Task prompt – Go through the data line by line from the top, retyping each exactly, and end with the line that contains "Tesla Model S".

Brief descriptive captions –

·····

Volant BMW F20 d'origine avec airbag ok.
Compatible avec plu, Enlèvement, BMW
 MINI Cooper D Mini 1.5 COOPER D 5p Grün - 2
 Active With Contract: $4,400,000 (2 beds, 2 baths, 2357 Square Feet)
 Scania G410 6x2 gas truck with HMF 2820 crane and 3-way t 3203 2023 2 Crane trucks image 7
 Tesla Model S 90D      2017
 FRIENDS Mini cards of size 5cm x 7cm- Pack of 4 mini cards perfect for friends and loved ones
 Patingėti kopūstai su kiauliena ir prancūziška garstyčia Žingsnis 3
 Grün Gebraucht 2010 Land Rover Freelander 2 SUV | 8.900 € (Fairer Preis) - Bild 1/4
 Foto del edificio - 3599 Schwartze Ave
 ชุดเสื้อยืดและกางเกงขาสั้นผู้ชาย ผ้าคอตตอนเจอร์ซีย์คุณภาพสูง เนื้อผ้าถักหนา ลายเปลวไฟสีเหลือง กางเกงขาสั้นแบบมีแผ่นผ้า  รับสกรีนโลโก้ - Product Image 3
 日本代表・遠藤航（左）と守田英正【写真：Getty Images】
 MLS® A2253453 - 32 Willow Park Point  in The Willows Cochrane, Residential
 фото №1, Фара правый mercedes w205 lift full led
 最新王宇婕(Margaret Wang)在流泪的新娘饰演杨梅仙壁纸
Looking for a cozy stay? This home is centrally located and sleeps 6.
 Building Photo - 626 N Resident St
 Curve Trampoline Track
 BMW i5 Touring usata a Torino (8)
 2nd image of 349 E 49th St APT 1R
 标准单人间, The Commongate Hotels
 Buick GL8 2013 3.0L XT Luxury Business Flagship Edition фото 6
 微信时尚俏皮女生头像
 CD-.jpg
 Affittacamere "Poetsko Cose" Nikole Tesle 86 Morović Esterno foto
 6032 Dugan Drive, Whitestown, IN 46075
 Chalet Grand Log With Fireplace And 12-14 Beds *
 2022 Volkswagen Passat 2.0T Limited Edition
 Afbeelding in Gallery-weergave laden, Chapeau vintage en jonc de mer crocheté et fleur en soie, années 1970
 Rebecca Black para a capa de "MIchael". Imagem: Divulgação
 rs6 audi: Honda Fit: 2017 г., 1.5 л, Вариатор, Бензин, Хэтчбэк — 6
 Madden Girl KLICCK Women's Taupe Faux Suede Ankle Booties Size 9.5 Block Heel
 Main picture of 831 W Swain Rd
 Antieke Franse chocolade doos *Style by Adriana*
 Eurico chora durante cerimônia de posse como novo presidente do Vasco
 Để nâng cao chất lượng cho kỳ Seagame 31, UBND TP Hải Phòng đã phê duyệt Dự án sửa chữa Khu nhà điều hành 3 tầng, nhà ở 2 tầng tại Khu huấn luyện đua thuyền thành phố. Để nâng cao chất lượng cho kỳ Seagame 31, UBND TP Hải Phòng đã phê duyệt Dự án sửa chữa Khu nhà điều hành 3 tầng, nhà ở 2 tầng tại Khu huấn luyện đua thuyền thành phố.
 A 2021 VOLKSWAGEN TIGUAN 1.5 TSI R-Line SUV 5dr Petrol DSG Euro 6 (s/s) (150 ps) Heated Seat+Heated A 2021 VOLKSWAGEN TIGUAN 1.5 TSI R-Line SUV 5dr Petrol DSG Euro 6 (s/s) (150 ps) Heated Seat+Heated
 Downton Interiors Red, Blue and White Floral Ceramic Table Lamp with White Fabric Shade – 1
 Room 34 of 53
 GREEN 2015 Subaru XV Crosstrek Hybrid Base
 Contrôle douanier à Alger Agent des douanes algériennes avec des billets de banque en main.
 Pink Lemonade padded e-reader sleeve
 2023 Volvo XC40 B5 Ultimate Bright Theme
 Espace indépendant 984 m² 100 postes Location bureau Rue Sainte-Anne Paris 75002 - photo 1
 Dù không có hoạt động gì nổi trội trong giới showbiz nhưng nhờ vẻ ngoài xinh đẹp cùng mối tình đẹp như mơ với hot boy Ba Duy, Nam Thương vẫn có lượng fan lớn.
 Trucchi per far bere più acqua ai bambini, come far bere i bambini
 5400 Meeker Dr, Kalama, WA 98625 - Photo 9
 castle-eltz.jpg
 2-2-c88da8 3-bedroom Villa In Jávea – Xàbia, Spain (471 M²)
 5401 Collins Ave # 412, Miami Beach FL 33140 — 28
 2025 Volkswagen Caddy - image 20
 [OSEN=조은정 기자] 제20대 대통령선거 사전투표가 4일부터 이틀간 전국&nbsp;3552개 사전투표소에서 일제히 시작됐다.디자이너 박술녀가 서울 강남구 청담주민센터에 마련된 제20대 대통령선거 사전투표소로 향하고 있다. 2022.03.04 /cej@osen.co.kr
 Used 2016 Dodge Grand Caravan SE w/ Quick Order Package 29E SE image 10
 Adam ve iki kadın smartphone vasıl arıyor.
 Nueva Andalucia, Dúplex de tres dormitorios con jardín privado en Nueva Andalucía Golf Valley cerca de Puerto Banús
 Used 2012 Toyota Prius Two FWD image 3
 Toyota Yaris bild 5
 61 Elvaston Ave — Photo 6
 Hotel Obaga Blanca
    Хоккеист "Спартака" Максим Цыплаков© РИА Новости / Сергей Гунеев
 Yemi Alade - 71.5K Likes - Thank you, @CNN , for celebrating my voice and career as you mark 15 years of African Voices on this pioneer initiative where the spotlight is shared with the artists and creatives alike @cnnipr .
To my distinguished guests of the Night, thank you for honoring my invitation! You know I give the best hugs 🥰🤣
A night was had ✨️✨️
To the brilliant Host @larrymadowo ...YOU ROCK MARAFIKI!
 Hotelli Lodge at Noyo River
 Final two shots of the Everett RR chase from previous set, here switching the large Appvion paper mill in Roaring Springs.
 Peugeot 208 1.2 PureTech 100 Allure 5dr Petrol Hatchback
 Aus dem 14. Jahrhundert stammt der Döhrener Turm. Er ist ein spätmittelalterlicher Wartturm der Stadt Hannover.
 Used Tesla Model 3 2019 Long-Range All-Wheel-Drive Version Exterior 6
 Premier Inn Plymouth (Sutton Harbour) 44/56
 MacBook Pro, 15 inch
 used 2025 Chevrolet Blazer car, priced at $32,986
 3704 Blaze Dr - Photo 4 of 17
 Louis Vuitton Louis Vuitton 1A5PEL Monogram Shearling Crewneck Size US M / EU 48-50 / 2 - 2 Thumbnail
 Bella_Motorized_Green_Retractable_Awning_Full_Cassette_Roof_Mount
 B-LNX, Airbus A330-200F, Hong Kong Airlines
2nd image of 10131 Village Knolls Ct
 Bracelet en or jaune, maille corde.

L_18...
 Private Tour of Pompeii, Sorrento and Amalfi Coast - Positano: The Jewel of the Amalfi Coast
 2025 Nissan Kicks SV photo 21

·····

Answer for the task –
Volant BMW F20 d'origine avec airbag ok.
Compatible avec plu, Enlèvement, BMW
 MINI Cooper D Mini 1.5 COOPER D 5p Grün - 2
 Active With Contract: $4,400,000 (2 beds, 2 baths, 2357 Square Feet)
 Scania G410 6x2 gas truck with HMF 2820 crane and 3-way t 3203 2023 2 Crane trucks image 7
 Tesla Model S 90D      2017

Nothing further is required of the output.